Required action >> Beginning with the line that has "Episode 31: Crouching Tiger, Hidden Dragon" and ending with the line that has "传奇手游金币的万能钥匙，从装备到进阶，这些用途你都知道吗？", retype the entries below exactly, except for the pictures.
*** Opening Extracted material ***
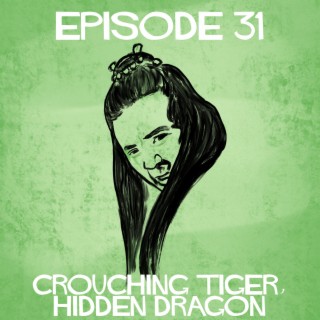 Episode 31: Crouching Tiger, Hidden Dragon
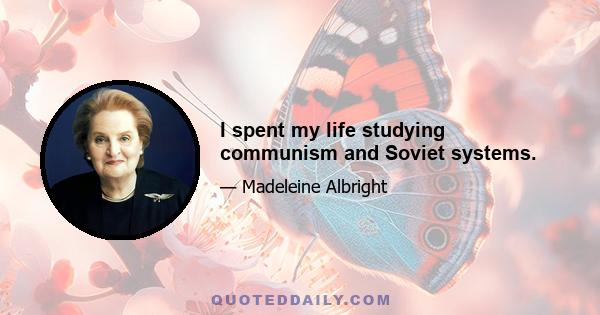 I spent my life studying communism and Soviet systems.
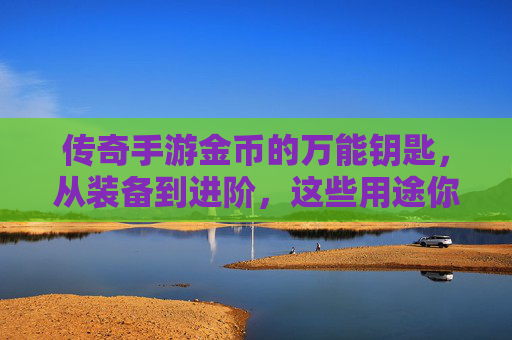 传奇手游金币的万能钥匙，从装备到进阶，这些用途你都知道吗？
*** Closing Extracted material ***
*** Opening Extracted material ***
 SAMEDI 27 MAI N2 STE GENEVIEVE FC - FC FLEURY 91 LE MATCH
*** Closing Extracted material ***
Written response >>
 Episode 31: Crouching Tiger, Hidden Dragon
 I spent my life studying communism and Soviet systems.
 传奇手游金币的万能钥匙，从装备到进阶，这些用途你都知道吗？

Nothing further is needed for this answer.